Last year, Farage stepped down as UKIP’s leader. His absence caused a leadership struggle in the party. In the end, it was UKIP MEP Paul Nuttall who was selected to lead UKIP heading into the British elections. The results were a disaster: the party was wiped out.
As a result, Nuttall resigned. Candidates to succeed him have until the end of July to throw their hat in the ring.
Many people have been lobbying Farage to come back. I know I have. There are few politicians — if any — in Britain with his charisma and leadership abilities. Sure, the man has also failed on numerous occasions, but overall, UKIP couldn’t possibly wish for a better leader. Sadly, Farage has announced that he’s not interested in the job:
While many have been lobbying me and urging me to come back, I have decided that this would not be the right thing to do and I will not be standing. While I remain a strong supporter of the party and think there is a real chance in two years that Ukip may be more relevant than ever, the party itself needs serious reforms.

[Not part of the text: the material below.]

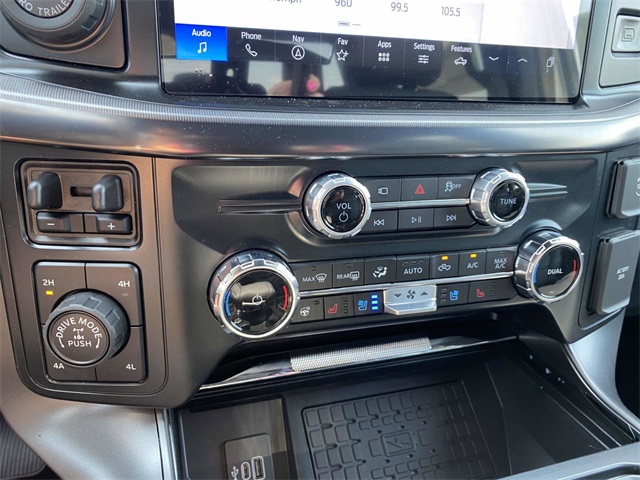 2025 Ford F-150 Lariat photo 11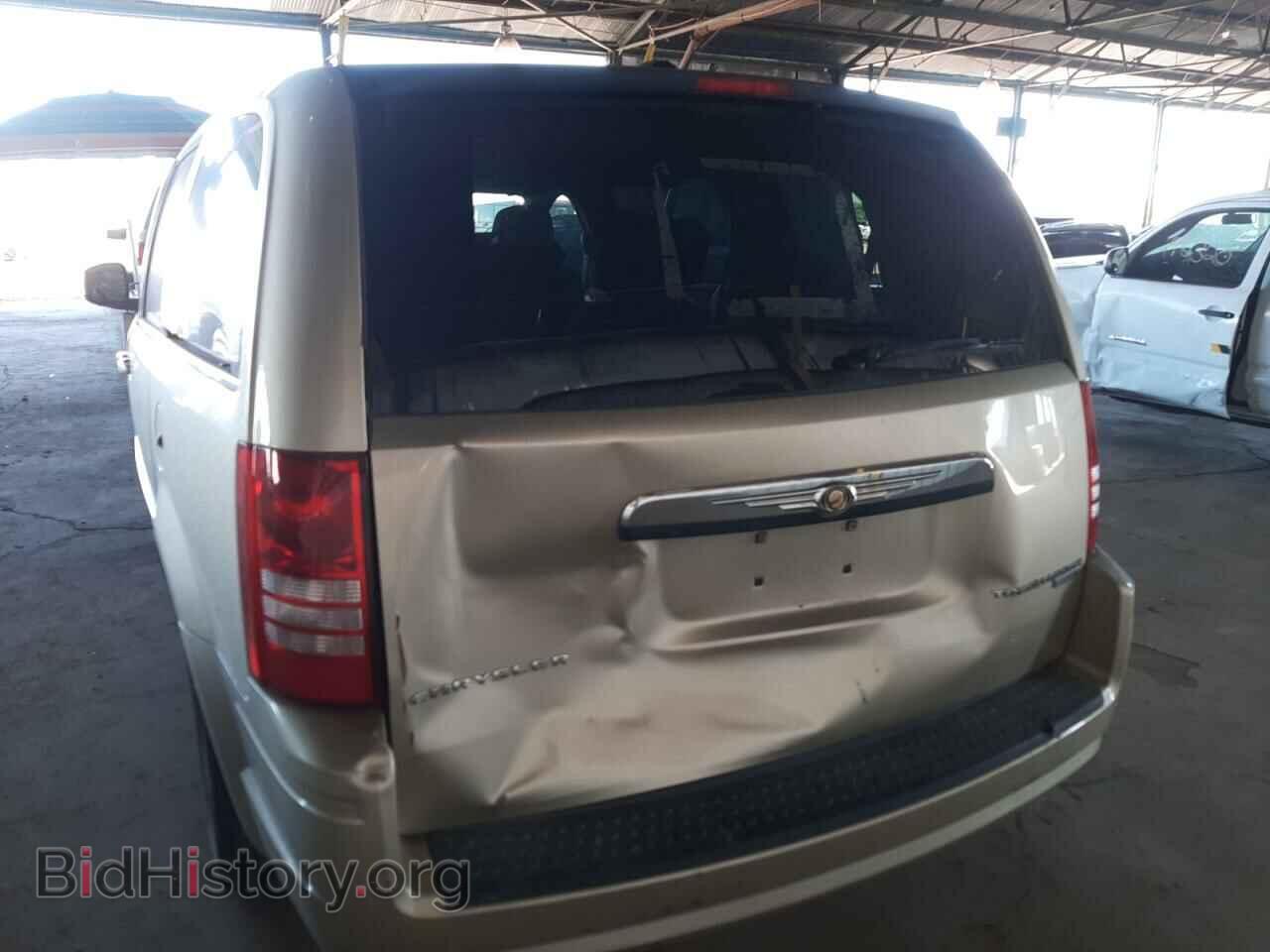 2010 CHRYSLER MINIVAN - VIN: 2A4RR2D1XAR448629 - Фото 9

Farage’s main problem is that UKIP is run by an elected National Executive Committee (NEC). This body is, sadly, occupied by rank amateurs. They’re passionate and enthusiastic, but they have no idea how to run campaigns, play the media, or raise money. As the leader, Farage felt that this governing body of the party was holding him back. “Time and again I was outvoted on important decisions and could not take the party in the direction I wanted,” he writes. He concludes:
The thought of going back to a job I may not be allowed to do, if, again, I’m held back by totally unqualified people is not something I’m prepared to contemplate. I hope the new leader takes on the battle for major constitutional change or the party will return to being an amateur shambles.
Although political watchers can sympathize with Farage, he leaves behind a party that’s in shambles and that desperately needs a leader — a leader like Farage. Sadly, if the man himself doesn’t step up to the plate, there’s nobody with his gravitas to replace him. Nuttall tried but failed. His successor will undoubtedly suffer the same fate. There’s nobody else in UKIP with Farage’s political acumen and charisma.
And that means that the end of UKIP as a political player is in sight, which would be a terrible loss not only for Britain itself but also for the rest of Europe, which desperately needs eurosceptic parties — parties that put Brussels’ feet to the fire and warn the citizenry about the secret power grabs of the European elites.